Messiah structure l'album avec des citations littéraires démarrant chaque morceau, comme pour donner une ambiance différente du satanisme habituel. Broggi déploie un jeu assez simpliste, mais dont les riffs over-speedés, ou en mid, ne ressemblent qu'à peu de groupes. Le premier morceau, "Messiah", nous présente un thrash explosif, rapide et obscur rappelant Destruction et mieux exécuté que Sepultura sur Morbid Visions. Même si la batterie est peu dynamique et surtout assez linéaire et basique, malgré un jeu redoutable et assez avare de breaks, le tout séduit de par un jeu de guitare totalement obnubilé par Venom et Slayer. Et en plus, elle est soutenue lourdement par une basse bien ronde, bien que parfois délaissée par la guitare au moment des solos. Solos qui, d'ailleurs, renforcent cette furie speed et death. Mais surtout, Tschösi, le bassiste / chanteur, nous agrémente d'un chant extrême pour l'année 1986. Écorché, horriblement vomi, torturé et complètement hystérique, ce chanteur semble précéder Chuck Schuldiner d'un an, et réduit les cris bestiaux de Max "Possessed" Cavalera au rang de pur amateur.
Certes, ces compositions, très thrashisantes, resteront confinées dans l'ombre de l'autre trio suisse, qui, au passage, avait systématiquement pondu des chefs d'œuvre, mais elles témoignent d'une sincérité et d'une volonté de faire un style extrême.
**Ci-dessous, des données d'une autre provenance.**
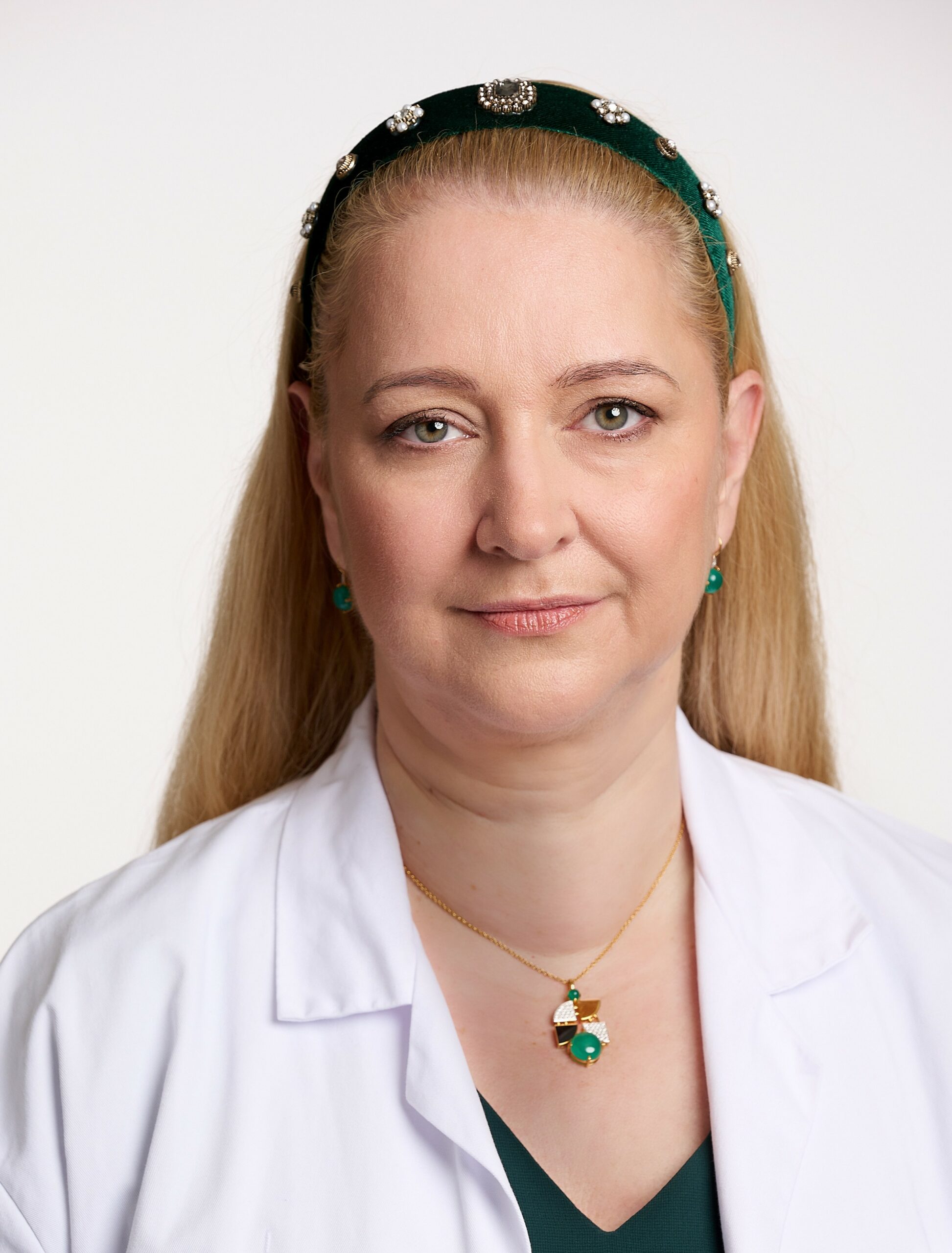 Dr. Claudia Steffal HCM, EMBA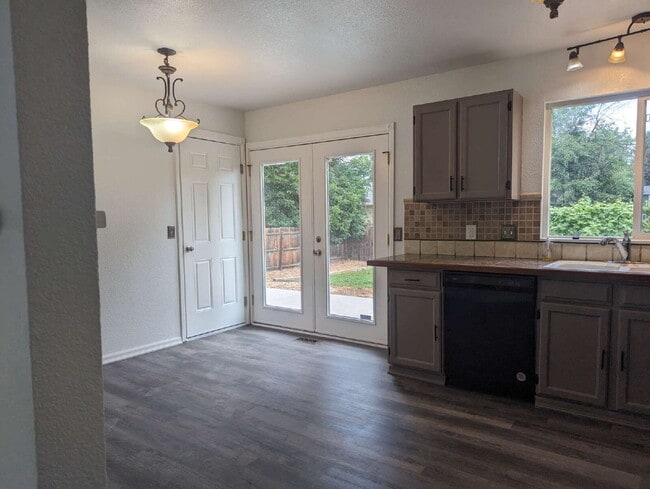 Building Photo - Newly updated 3/2 in North Longmont!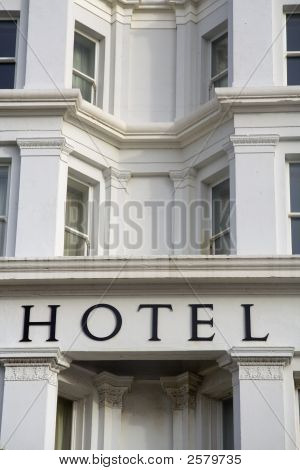 โรงแรม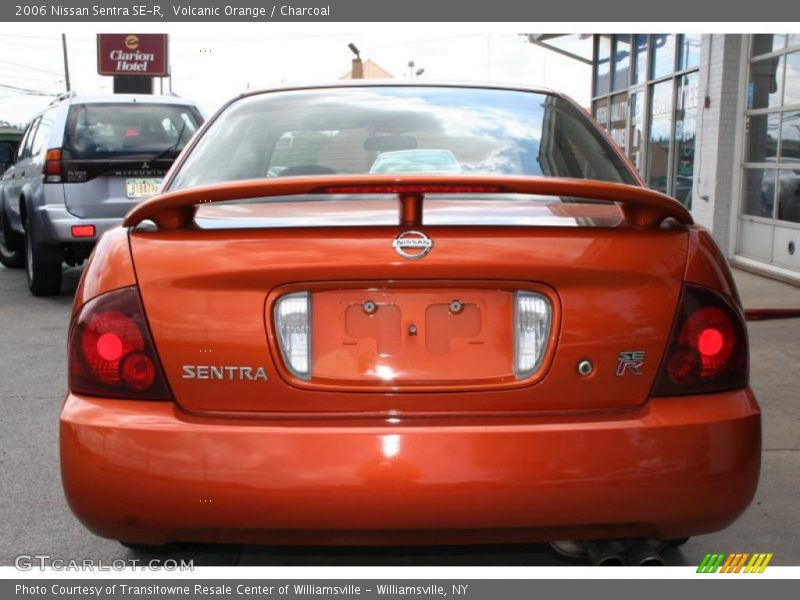 Volcanic Orange / Charcoal 2006 Nissan Sentra SE-R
Hymn to Abramelin oscille entre de bonnes trouvailles rythmiques et un esprit sombre et rentre-dedans qui va si bien à ces groupes influencés par Mike Torrao et cie ou encore Schmier, Mike et Tommy. D'autant que certains morceaux sont tellement agressifs, sinistres et lourds, que ce thrash serait teinté de heavy (notamment sur "Empire of the Damned") et assez proche du death metal avec le chant et les riffs dangereux de morceaux comme "Future Agressor". Et chose peu courante, cet album surprend par son dernier morceau, "The Dentist", cherchant visiblement à endormir l'auditeur (Coroner allait faire pareil, mais en période de thrash intello) avant de le démolir pour de bon. Ici, même structure : une guitare lente et rapide par intermittence, attirante et ponctuée par les éructations dingues du chant, tel Araya atteint du syndrome de la Tourette.
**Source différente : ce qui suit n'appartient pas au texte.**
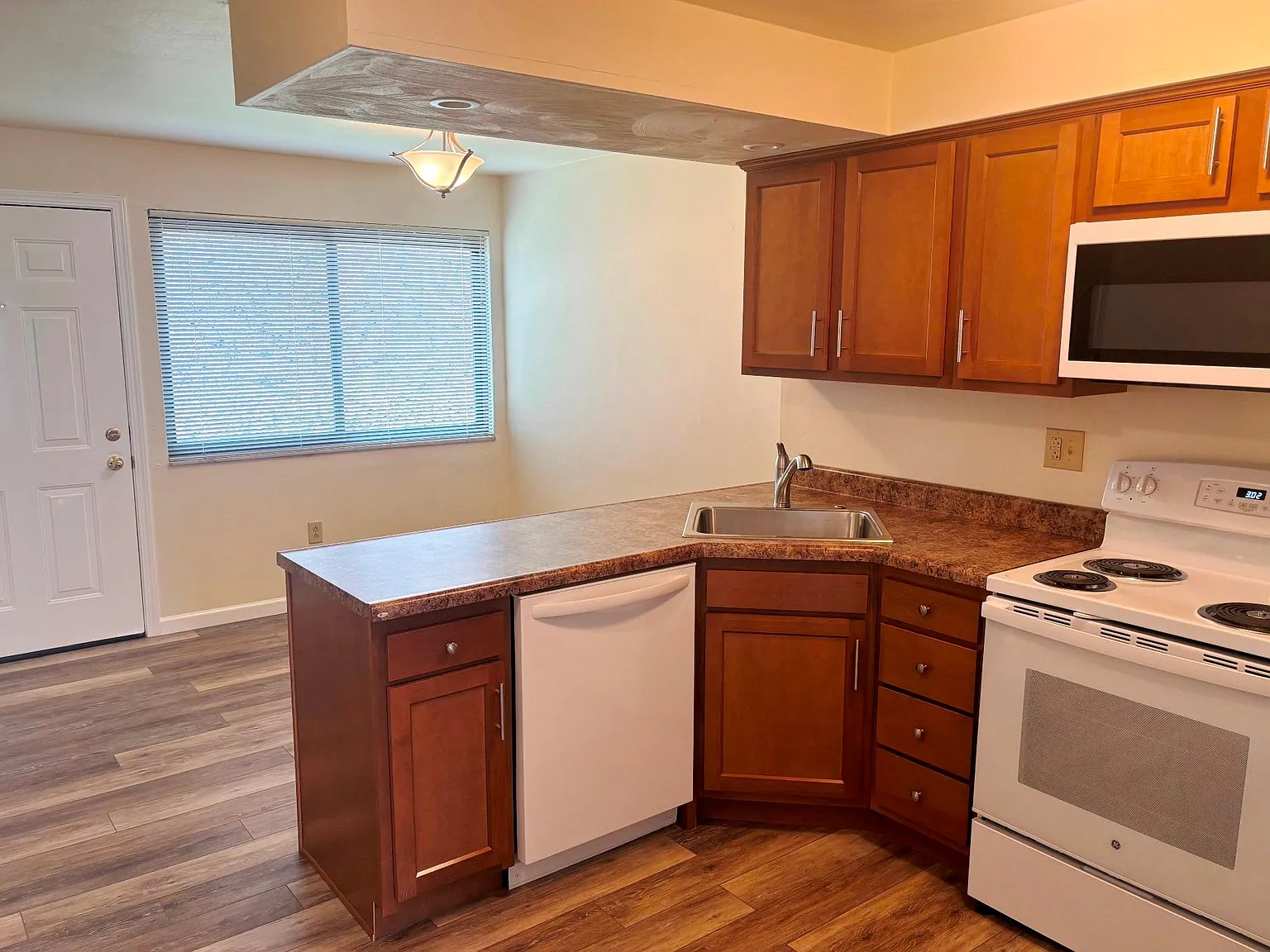 1222 Frank Ave — Photo 1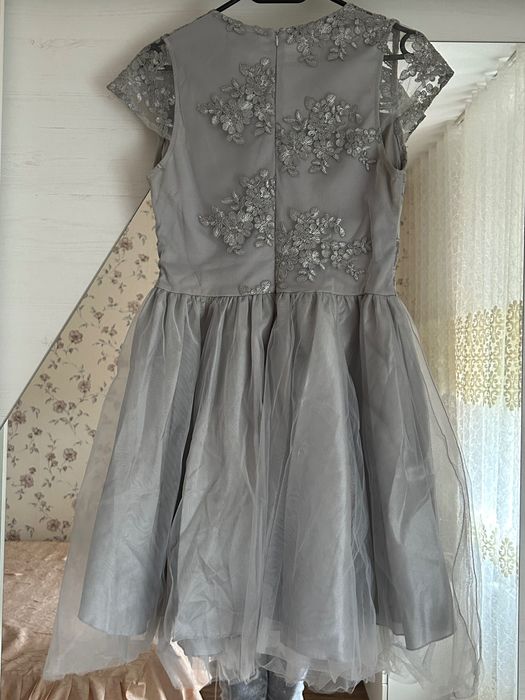 Vând rochiță banchet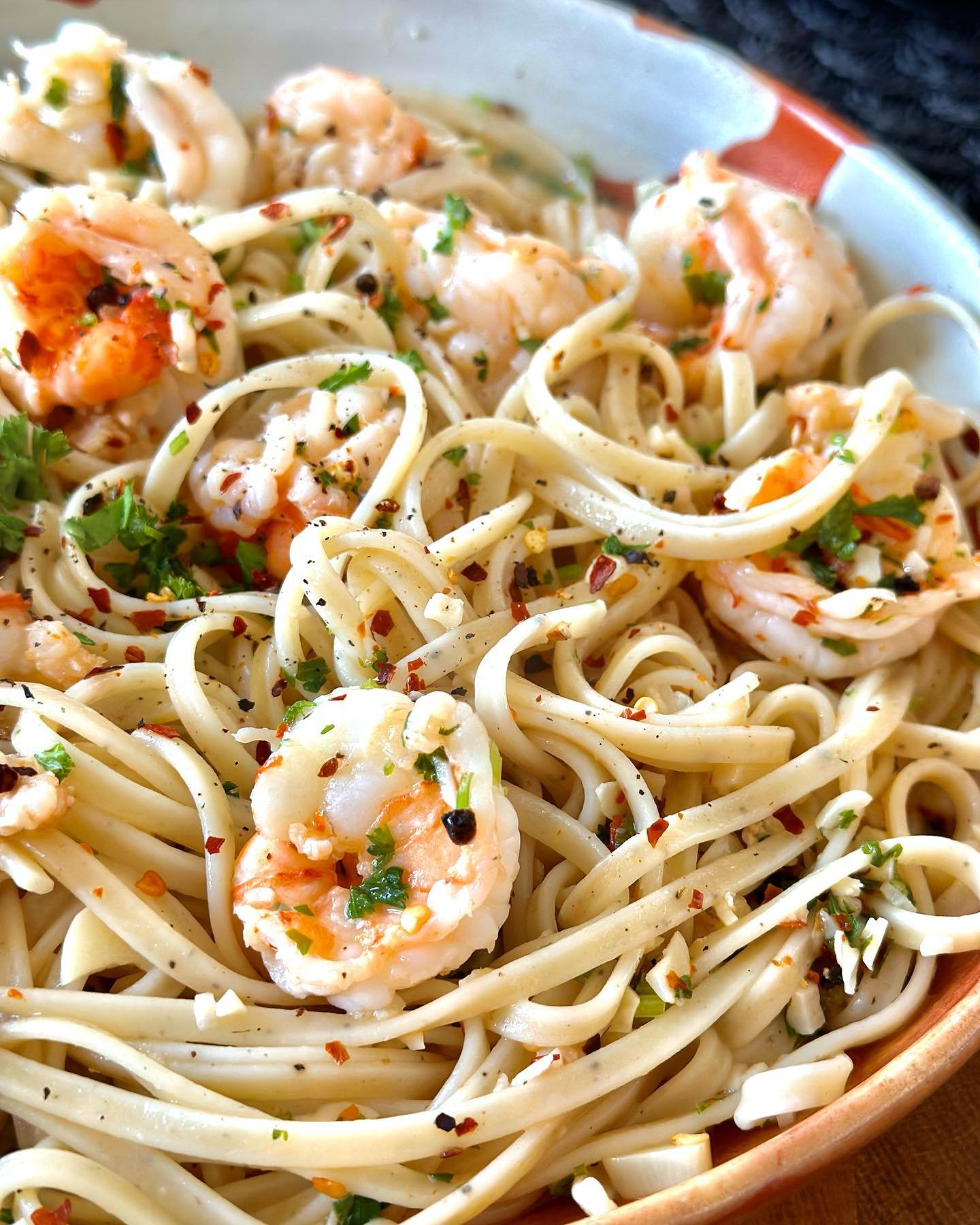 🦐🍝🤌🏽

If you are ISO a summer pasta dish, this is it. Garlicky,butter and tangy, this wine soaked pasta dish is perfect to serve with another glass of wine and some great conversation 😎.

This recipe also works beautifully with fish, mussels, cl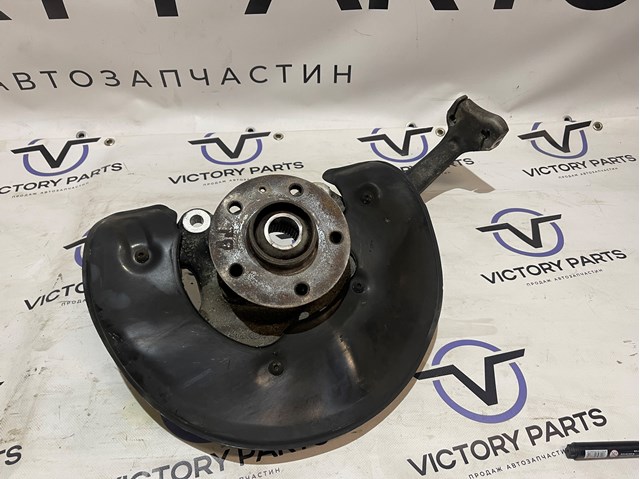 Цапфа - поворотний кулак передній, правий 4G0407254A VAG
Œuvre thrash des 80's majeure bien que tombée dans l'oubli malgré deux autres albums terrifiants, Hymn to Abramelin est un manifeste du rare phénomène de l'auto-promotion (le groupe laissera tomber le label après Extreme Cold Weather et un EP d'Excruciation ). Sans innover, Messiah est un groupe intéressant, limite original sur un aspect ou deux, pour voir ce qu'étaient le death et le black dans les années 1980, avant de prendre les caractéristiques connues de nos jours. Bref, si vous voulez du thrash méchant et obscur, et si vous trouvez les débuts de Sepultura trop pourris ou les débuts de Tom G. "Warrior" plutôt répétitifs, cet album est pour vous. Avec le suivant bien évidemment.